Segment Start: Records provided

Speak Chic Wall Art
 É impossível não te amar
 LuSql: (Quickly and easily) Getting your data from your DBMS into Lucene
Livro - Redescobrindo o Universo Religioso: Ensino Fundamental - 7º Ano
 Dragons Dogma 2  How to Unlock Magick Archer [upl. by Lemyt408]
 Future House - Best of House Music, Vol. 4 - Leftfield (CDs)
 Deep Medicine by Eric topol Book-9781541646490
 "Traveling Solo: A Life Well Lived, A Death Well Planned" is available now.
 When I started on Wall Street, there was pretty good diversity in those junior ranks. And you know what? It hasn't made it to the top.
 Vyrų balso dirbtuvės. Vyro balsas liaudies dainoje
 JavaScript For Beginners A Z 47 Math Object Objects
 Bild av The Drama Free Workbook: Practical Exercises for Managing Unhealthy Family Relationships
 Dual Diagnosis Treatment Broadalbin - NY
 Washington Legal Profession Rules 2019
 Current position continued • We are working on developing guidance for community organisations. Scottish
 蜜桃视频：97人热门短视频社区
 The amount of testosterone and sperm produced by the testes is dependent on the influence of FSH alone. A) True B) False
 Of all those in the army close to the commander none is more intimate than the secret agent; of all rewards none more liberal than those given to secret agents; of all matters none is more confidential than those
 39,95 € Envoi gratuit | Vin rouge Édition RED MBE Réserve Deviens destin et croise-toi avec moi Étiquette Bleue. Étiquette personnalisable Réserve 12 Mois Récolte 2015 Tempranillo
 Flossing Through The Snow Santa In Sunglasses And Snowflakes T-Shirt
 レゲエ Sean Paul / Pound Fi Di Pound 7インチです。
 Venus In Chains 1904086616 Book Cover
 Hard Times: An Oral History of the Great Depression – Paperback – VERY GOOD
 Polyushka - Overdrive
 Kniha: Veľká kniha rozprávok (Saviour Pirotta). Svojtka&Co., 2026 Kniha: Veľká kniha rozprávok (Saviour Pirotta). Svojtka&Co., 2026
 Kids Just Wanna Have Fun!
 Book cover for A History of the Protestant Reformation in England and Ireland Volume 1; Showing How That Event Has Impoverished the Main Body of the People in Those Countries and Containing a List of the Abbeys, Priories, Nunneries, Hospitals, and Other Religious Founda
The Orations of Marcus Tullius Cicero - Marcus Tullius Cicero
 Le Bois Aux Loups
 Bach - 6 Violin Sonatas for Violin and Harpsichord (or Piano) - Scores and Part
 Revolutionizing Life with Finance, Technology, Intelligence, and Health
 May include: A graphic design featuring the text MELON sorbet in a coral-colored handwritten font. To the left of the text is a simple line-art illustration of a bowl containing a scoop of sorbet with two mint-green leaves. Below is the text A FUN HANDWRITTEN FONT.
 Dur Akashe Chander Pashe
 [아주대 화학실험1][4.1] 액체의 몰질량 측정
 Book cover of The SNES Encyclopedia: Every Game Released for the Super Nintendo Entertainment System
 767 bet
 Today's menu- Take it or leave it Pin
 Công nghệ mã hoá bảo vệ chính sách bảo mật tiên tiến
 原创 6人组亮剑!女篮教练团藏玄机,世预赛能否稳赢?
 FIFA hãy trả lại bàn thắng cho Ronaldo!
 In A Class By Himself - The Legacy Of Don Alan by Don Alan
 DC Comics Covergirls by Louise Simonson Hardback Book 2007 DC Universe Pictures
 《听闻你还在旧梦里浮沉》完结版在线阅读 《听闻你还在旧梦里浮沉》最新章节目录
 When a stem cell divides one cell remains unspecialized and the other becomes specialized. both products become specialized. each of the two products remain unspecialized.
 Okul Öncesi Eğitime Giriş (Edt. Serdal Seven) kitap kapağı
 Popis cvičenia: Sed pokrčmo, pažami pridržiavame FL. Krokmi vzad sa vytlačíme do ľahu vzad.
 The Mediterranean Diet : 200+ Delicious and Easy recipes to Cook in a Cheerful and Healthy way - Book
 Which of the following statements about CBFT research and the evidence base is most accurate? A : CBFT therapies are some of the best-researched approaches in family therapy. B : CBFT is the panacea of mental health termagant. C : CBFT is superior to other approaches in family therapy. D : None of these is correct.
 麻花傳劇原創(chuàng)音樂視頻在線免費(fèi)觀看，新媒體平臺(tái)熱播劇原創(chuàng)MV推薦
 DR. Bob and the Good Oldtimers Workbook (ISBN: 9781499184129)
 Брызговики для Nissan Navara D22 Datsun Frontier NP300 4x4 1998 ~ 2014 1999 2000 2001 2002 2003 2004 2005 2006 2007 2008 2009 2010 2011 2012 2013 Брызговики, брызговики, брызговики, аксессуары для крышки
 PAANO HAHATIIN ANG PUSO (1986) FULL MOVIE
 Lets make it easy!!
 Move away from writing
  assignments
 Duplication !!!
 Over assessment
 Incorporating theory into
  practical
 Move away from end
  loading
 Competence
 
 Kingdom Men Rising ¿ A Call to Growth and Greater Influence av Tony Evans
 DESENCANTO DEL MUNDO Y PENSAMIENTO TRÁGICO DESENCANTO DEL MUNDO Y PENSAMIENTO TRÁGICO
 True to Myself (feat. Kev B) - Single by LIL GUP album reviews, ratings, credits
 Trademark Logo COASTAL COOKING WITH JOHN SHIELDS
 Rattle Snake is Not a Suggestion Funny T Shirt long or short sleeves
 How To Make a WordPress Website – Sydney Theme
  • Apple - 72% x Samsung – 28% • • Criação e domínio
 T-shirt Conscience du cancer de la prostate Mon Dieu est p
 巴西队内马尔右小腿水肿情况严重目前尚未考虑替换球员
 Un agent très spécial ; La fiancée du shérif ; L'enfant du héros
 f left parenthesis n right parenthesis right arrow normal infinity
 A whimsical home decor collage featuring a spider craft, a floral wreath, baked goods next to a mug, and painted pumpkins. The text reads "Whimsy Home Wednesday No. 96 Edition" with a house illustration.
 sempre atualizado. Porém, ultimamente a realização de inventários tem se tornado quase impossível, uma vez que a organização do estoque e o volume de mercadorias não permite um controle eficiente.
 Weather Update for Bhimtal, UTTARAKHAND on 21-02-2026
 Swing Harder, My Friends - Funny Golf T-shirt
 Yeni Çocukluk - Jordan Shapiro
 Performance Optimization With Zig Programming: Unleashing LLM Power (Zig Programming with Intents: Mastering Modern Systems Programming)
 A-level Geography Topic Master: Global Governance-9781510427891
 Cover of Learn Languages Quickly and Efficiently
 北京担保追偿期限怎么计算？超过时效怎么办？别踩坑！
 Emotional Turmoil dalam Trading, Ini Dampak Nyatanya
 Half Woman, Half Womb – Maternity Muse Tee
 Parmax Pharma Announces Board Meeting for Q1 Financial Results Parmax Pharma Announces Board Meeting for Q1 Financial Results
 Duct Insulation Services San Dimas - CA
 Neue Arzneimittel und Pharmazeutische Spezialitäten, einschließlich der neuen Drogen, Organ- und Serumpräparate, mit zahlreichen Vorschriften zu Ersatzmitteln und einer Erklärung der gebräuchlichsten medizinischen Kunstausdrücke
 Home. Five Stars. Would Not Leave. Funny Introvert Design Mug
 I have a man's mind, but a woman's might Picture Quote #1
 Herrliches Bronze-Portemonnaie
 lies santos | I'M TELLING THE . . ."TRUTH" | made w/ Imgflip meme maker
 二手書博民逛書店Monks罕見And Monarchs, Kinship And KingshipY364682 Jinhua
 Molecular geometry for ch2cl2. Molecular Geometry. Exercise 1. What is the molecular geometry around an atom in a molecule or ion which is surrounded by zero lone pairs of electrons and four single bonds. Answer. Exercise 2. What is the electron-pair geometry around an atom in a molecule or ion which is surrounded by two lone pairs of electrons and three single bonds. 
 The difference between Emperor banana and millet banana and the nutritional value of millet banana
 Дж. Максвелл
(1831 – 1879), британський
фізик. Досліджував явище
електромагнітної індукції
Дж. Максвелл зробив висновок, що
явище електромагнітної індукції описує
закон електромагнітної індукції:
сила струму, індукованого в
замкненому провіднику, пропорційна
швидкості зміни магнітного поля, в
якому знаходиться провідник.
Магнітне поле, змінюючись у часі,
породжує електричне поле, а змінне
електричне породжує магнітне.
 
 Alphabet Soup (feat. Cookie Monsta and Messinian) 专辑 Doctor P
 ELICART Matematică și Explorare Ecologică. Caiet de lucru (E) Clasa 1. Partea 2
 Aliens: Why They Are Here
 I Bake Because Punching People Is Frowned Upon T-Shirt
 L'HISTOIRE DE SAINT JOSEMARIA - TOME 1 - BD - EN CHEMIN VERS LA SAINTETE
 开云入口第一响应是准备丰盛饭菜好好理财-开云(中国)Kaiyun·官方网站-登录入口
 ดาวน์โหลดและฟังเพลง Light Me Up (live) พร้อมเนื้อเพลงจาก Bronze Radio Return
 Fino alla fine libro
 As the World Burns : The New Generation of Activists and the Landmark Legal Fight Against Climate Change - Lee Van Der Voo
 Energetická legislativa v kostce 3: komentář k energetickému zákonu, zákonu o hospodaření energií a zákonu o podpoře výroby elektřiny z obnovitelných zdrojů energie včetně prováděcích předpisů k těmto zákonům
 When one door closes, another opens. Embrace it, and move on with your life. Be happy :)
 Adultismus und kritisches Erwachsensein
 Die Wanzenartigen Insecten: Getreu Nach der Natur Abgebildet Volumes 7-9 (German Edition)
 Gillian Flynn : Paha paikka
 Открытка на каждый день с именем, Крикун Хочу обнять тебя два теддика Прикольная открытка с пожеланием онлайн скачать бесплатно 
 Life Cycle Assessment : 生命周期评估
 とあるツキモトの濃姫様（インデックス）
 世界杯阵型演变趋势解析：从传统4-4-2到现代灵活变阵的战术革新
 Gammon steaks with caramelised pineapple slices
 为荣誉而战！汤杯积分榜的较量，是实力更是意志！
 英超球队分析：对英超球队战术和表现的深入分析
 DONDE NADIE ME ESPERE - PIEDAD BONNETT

Segment End: Records provided

_Task to carry out_
The lines to retype run from the start of the entries through the line containing "The amount of"; reproduce them exactly and add nothing.

_Expected answer_
Speak Chic Wall Art
 É impossível não te amar
 LuSql: (Quickly and easily) Getting your data from your DBMS into Lucene
Livro - Redescobrindo o Universo Religioso: Ensino Fundamental - 7º Ano
 Dragons Dogma 2  How to Unlock Magick Archer [upl. by Lemyt408]
 Future House - Best of House Music, Vol. 4 - Leftfield (CDs)
 Deep Medicine by Eric topol Book-9781541646490
 "Traveling Solo: A Life Well Lived, A Death Well Planned" is available now.
 When I started on Wall Street, there was pretty good diversity in those junior ranks. And you know what? It hasn't made it to the top.
 Vyrų balso dirbtuvės. Vyro balsas liaudies dainoje
 JavaScript For Beginners A Z 47 Math Object Objects
 Bild av The Drama Free Workbook: Practical Exercises for Managing Unhealthy Family Relationships
 Dual Diagnosis Treatment Broadalbin - NY
 Washington Legal Profession Rules 2019
 Current position continued • We are working on developing guidance for community organisations. Scottish
 蜜桃视频：97人热门短视频社区
 The amount of testosterone and sperm produced by the testes is dependent on the influence of FSH alone. A) True B) False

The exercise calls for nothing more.